Former Chines Premier Hu Jintao meets Us President Barack Obama. — File Photo
Former Chinese Premier Hu Jintao meets US President Barack Obama. — File Photo

WASHINGTON: President Barack Obama says the US will lead the world in taking firm action against the threat posed by North Korea's nuclear test.

But Pyongyang's isolation from most of the international financial and trading system will limit the impact of sanctions unless China can be persuaded to get tougher on its longtime ally.

The underground explosion Tuesday — pointedly conducted hours before Obama's State of the Union address, one of America's top political events — was quickly condemned by Obama as a ''highly provocative act'' that threatens US security and international peace. North Korea, which gave Washington about 24 hours' notice before conducting its third and apparently most powerful atomic test yet, described it as a response to US threats.

It marks a culmination of a progressive deterioration in ties with Washington since young leader Kim Jong Un took power a year ago.

His tenure began with Pyongyang negotiating then upending an agreement that would have seen it receive food aid in exchange for nuclear concessions. The impoverished, authoritarian state has since honed its missile and weapons capabilities.

Even as a leadership transition in neighboring South Korea offered some hope of improved relations across the divided Korean Peninsula, the North has closed down the space for diplomacy and left the prospects of multinational aid-for-disarmament talks — in abeyance for four years — gloomier than ever.

''The regime in North Korea must know that they will only achieve security and prosperity by meeting their international obligations,'' Obama said in his annual address to Congress. ''Provocations of the sort we saw last night will only isolate them further, as we stand by our allies, strengthen our own missile defense and lead the world in taking firm action in response to these threats.''

The test underscored North Korea's determination to develop a nuclear deterrent against what it calls the threat of an invasion by the US, its enemy from the 1950-53 Korean War.

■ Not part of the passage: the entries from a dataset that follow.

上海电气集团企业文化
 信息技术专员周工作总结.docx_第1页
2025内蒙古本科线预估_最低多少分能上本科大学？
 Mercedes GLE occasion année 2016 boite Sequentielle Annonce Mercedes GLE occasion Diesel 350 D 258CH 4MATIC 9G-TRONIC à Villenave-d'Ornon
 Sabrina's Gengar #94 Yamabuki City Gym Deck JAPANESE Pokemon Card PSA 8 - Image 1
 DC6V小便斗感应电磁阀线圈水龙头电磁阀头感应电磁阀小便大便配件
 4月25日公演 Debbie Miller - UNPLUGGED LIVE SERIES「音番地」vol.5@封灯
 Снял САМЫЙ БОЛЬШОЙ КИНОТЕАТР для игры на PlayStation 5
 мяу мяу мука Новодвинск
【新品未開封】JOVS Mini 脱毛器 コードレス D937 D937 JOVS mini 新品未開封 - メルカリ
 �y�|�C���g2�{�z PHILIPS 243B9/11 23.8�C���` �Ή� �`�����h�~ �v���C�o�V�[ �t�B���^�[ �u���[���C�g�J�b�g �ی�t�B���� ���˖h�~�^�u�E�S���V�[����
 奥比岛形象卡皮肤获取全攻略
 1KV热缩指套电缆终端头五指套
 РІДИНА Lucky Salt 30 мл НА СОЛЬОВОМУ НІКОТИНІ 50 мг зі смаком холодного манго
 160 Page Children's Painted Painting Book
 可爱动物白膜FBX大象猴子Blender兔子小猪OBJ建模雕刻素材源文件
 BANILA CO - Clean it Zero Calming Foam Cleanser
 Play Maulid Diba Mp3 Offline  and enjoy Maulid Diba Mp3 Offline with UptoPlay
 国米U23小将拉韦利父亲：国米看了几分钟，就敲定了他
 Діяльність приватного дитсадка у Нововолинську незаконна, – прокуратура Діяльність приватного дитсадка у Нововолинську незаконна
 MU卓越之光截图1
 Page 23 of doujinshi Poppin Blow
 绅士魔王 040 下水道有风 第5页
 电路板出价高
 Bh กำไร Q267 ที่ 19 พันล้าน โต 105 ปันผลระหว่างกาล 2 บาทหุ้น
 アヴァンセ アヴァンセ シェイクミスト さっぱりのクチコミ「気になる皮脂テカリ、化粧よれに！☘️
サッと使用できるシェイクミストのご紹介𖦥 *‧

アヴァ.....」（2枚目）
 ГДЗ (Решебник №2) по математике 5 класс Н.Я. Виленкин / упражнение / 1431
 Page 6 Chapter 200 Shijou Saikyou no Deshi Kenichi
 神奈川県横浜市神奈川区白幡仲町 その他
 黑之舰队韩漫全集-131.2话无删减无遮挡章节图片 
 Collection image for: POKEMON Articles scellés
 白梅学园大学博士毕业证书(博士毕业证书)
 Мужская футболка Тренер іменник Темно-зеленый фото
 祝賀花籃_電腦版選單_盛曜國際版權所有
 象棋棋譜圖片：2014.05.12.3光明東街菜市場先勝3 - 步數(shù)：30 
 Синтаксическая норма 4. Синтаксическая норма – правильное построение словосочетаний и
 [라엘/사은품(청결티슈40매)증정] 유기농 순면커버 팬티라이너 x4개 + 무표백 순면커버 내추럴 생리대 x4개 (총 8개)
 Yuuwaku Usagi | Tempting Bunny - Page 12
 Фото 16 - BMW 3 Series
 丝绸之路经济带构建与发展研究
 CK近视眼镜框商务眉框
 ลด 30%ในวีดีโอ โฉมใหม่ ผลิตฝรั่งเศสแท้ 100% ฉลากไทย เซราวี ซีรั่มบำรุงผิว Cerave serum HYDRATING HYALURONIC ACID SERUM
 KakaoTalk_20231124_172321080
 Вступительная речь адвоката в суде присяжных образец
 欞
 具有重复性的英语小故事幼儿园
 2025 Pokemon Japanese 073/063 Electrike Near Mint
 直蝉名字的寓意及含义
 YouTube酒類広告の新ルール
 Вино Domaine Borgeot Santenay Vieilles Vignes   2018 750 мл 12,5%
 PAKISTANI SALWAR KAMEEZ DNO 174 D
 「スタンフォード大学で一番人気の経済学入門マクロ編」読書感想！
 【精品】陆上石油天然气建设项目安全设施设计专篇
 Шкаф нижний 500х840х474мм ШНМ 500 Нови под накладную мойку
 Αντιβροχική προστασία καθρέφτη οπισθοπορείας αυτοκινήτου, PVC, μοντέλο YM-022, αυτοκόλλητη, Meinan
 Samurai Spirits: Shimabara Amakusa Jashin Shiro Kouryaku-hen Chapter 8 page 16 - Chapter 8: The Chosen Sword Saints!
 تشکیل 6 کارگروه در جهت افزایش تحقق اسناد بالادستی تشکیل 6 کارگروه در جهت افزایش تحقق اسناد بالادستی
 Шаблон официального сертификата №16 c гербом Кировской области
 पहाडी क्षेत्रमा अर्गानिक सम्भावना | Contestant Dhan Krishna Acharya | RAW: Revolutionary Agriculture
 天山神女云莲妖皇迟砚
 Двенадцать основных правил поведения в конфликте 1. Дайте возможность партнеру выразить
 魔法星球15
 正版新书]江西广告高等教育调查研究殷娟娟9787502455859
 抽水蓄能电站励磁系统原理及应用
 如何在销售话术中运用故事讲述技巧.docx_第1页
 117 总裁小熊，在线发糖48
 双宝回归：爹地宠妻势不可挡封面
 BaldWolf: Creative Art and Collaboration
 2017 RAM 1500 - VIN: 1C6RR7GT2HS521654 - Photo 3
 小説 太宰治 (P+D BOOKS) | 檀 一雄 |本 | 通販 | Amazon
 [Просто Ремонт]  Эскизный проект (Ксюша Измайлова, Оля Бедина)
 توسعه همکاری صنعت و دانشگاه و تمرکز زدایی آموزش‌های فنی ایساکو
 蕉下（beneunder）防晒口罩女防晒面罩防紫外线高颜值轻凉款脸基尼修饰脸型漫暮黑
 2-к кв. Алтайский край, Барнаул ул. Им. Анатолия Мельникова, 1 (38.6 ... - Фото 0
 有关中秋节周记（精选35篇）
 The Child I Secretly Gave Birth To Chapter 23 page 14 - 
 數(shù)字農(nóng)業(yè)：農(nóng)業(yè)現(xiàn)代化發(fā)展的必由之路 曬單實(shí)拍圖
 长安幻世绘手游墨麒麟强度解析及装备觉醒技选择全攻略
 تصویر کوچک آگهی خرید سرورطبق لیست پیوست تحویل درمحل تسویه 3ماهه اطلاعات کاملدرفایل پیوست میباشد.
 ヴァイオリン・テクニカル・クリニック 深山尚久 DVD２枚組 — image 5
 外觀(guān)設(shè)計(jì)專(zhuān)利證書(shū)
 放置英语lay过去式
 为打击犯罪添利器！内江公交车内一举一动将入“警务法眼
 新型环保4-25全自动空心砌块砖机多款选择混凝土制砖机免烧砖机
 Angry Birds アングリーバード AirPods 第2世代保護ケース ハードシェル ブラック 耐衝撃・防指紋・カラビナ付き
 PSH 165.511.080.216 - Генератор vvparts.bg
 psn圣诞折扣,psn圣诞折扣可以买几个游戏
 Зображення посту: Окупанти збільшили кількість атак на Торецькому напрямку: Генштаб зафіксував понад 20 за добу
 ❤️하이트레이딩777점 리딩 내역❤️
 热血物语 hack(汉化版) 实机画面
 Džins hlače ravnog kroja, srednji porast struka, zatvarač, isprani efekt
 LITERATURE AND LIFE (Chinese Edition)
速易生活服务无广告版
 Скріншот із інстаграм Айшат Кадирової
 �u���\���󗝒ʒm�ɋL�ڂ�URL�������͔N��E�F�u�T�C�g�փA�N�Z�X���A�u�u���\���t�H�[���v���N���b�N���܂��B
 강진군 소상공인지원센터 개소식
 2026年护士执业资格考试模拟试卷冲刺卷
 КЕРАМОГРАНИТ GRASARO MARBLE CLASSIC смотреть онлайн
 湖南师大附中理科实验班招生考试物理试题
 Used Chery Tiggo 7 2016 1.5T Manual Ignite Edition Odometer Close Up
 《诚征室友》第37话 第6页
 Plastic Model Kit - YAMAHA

Pyongyang warned that unspecified ''second and third measures of greater intensity'' could follow if Washington maintains its hostility — apparently opening up the possibility of further tests.

As the UN Security Council held an emergency meeting Tuesday that strongly condemned the test, US Ambassador Susan Rice said Washington would be looking for the council to tighten existing sanctions and augment them. The backing of China, a permanent council member with veto power, not only will be required to make new measures international law but also critical for their implementation. China, North Korea's wartime ally, is its main source of aid and accounts for more than two-thirds of North Korea's foreign trade. In the past, Beijing has been reluctant to back more severe measures that could destabilize the North's hardline regime, which serves as a buffer between China and a democratic South Korea backed by US forces.

There are signs that China's patience is wearing thin. Beijing reacted in unusually strong terms to a December long-range rocket launch by the North by agreeing to tightened UN sanctions on the country, a move that brought criticism from Pyongyang and was welcomed in Washington.

''China is in a difficult position now,'' said Evans Revere, a former State Department official for East Asia. ''They made very public efforts to convince North Korea not to conduct the nuclear test, and they agreed in the previous UN Security Council resolution to even stronger measures if it does. China will be hard-pressed not to agree to something beyond what's already in place.''

But how far China and its new leader, Xi Jinping, will agree to go is unclear. It has expanded its commercial ties with North Korea in recent years and was quick to endorse Kim Jong Un as Pyongyang's new leader after the death of his father, Kim Jong Il, in December 2011.

George Lopez, a former member of a UN Panel of Experts for monitoring North Korea sanctions, said steps that China could take range from greater control over substantial North Korean trade that moves through the Chinese port of Dalian, to restrictions on cash transfers and the travel of scientists and engineers.

Bonnie Glaser, a China expert at the Centre for Strategic and International Studies think tank, said she expected Beijing to get tough enough with North Korea to satisfy the US, South Korea and Japan but not so harsh as to really put in jeopardy its relationship with North Korea or cause any instability. Glaser said a key question in the debate at the Security Council would be whether China will back restrictions in the financial sector, which the Obama administration acknowledged could be one area to expand the impact of the sanctions regime that already bars North Korea from arms trading and targets certain companies suspected of aiding its missile and nuclear programs.

China, which likely remains wary of provoking Pyongyang, is thought to have resisted US pressure for financial reasons.